» **PROBLEM TO SOLVE**: Print the data exactly as it is given, please.

» **GIVEN INFORMATION**:
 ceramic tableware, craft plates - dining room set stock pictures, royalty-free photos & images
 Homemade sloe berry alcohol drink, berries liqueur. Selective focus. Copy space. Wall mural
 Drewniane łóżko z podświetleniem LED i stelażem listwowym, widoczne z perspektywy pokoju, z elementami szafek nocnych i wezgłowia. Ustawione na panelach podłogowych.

» **RESPONSE**:
 ceramic tableware, craft plates - dining room set stock pictures, royalty-free photos & images
 Homemade sloe berry alcohol drink, berries liqueur. Selective focus. Copy space. Wall mural
 Drewniane łóżko z podświetleniem LED i stelażem listwowym, widoczne z perspektywy pokoju, z elementami szafek nocnych i wezgłowia. Ustawione na panelach podłogowych.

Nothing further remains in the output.